Combining tissue biomarkers with mpMRI to diagnose clinically significant prostate cancer. Analysis of 21 biomarkers in the PICTURE study

Urszula Stopka-Farooqui; Vasilis Stavrinides; Benjamin S Simpson; Hania Qureshi; Lina M Carmona Echevierra; Hayley Pye; Zeba Ahmed; Mohammed F Alawami; Jonathan D Kay; Jonathan Olivier; Susan Heavey; Dominic Patel; Alex Freeman; Aiman Haider; Caroline M Moore; Hashim U Ahmed; Hayley C Whitaker

doi:10.1038/s41391-024-00920-1

Combining tissue biomarkers with mpMRI to diagnose clinically significant prostate cancer. Analysis of 21 biomarkers in the PICTURE study

Prostate Cancer Prostatic Dis. 2024 Nov 22. doi: 10.1038/s41391-024-00920-1. Online ahead of print.

Authors

Urszula Stopka-Farooqui¹, Vasilis Stavrinides^{2

3}, Benjamin S Simpson², Hania Qureshi², Lina M Carmona Echevierra^{2

3}, Hayley Pye², Zeba Ahmed², Mohammed F Alawami², Jonathan D Kay², Jonathan Olivier^{2

4}, Susan Heavey², Dominic Patel⁵, Alex Freeman⁵, Aiman Haider⁵, Caroline M Moore^{2

3}, Hashim U Ahmed^{6

7}, Hayley C Whitaker²

Affiliations

¹ Division of Surgery and Interventional Science, University College London, London, UK. [email protected].
² Division of Surgery and Interventional Science, University College London, London, UK.
³ Department of Urology, UCLH NHS Foundation Trust, London, UK.
⁴ Department of Urology, Hospital Huriez, University Lille Nord de France, Lille, France.
⁵ Department of Pathology, UCLH NHS Foundation Trust, London, UK.
⁶ Division of Surgery, Department of Surgery and Cancer, Faculty of Medicine, Imperial College London, London, UK.
⁷ Imperial Urology, Charing Cross Hospital, Imperial College Healthcare NHS Trust, London, UK.

PMID: 39578642
DOI: 10.1038/s41391-024-00920-1

Abstract

Background: Serum PSA and digital rectal examination remain the key diagnostic tools for detecting prostate cancer. However, due to the limited specificity of serum PSA, the applicability of this marker continues to be controversial. Recent use of image-guided biopsy along with pathological assessment and the use of biomarkers has dramatically improved the diagnosis of clinically significant cancer. Despite the two modalities working together for diagnosis biomarker research often fails to correlate findings with imaging.

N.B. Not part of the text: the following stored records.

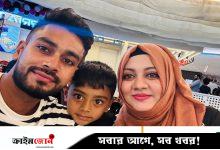 কন্যা সন্তানের বাবা হলেন মিরাজ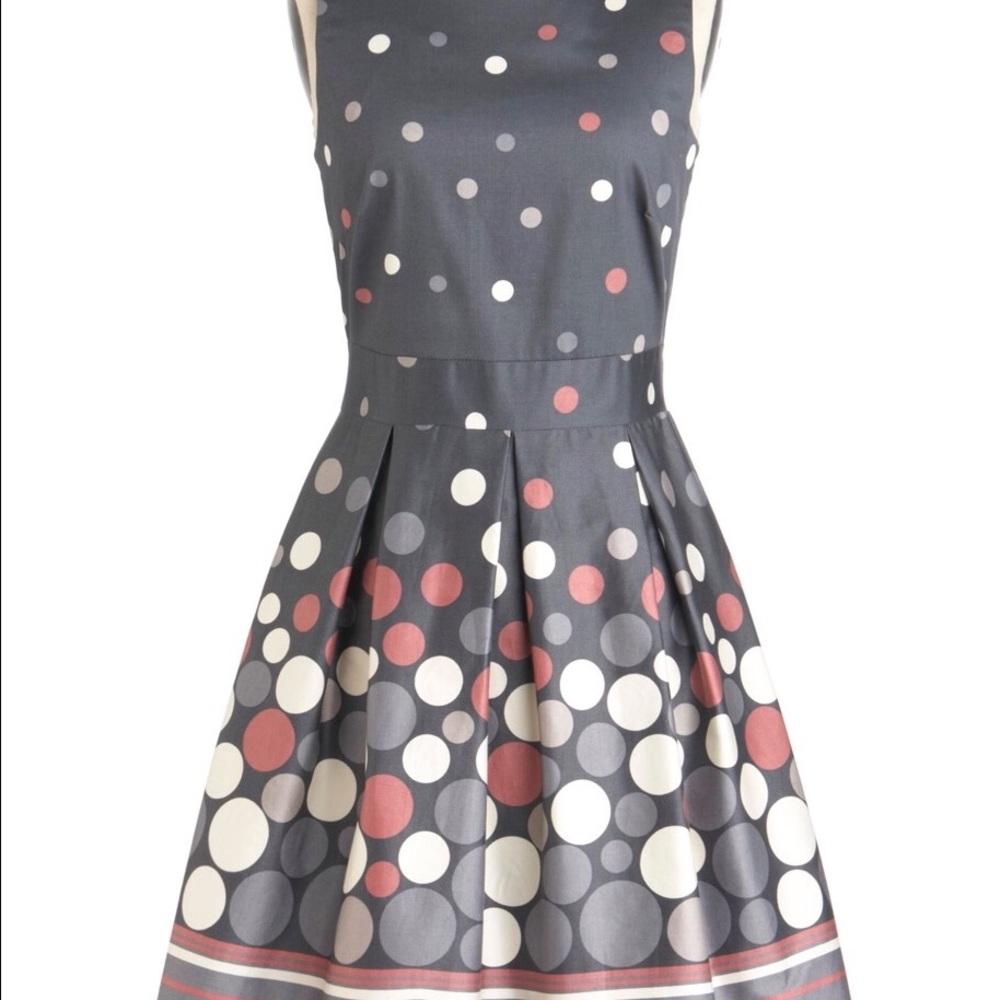 Make the Rounds Closet Dress from Modcloth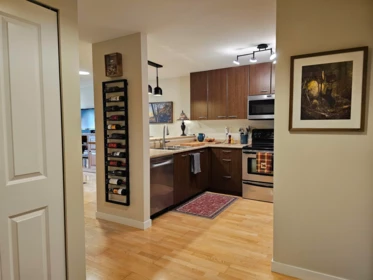 Breakfast Nook Photo of 404 5631 Inlet Avenue, Sechelt, BC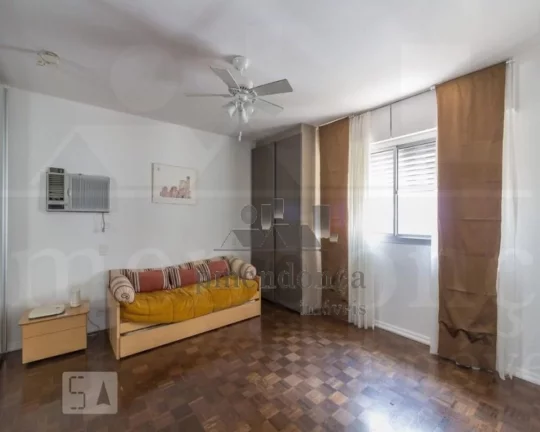 Imagem Apartamento residencial à venda, Higienópolis, São Paulo Lindo apartamento de 176 metros, com 4 q...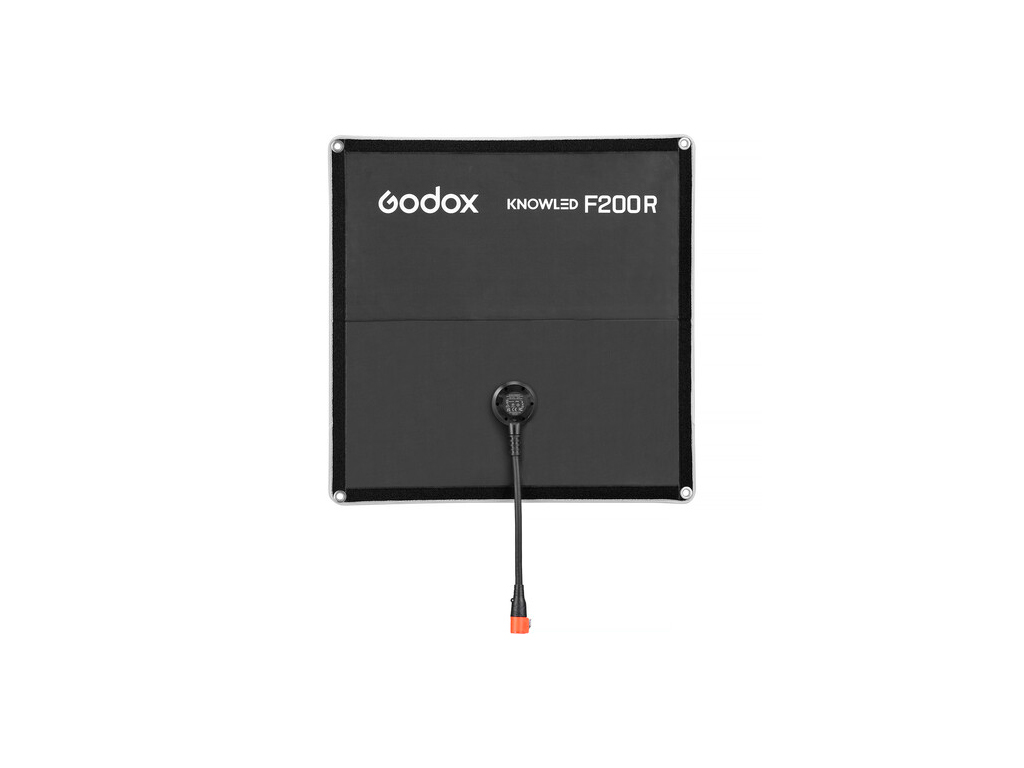 Godox F200R 60X60cm 200W RGB Esnek LED Işık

Methods and results: We looked at 21 prostate cancer biomarkers correlating our results with mpMRI data to investigate the hypothesis that biomarkers along with mpMRI data make a powerful tool to detect clinically significant prostate cancer. Biomarkers were selected based on the existing literature. Using a tissue microarray comprised of samples from the PICTURE study, with biopsies at 5 mm intervals and mpMRI data we analysed which biomarkers could differentiate benign and malignant tissue. Biomarker data were also correlated with pathological grading, mpMRI, serum PSA, age and family history. AGR2, CD10 and EGR protein expression was significantly different in both matched malignant and benign tissues. AMACR, ANPEP, GDF15, MSMB, PSMA, PTEN, TBL1XR1, TP63, VPS13A and VPS28 showed significantly different expression between Gleason grades in malignant tissue. The majority of the biomarkers tested did not correlate with mpMRI data. However, CD10, KHDRBS3, PCLAF, PSMA, SIK2 and GDF15 were differentially expressed with prostate cancer progression. AMACR and PTEN were identified in both pathological and image data evaluation.

Conclusions: There is a high demand to develop biomarkers that would help the diagnosis and prognosis of prostate cancer. Tissue biomarkers are of particular interest since immunohistochemistry remains a cheap, reliable method that is widely available in pathology departments. These results demonstrate that testing biomarkers in a cohort consistent with the current diagnostic pathway is crucial to identifying biomarker with potential clinical utility.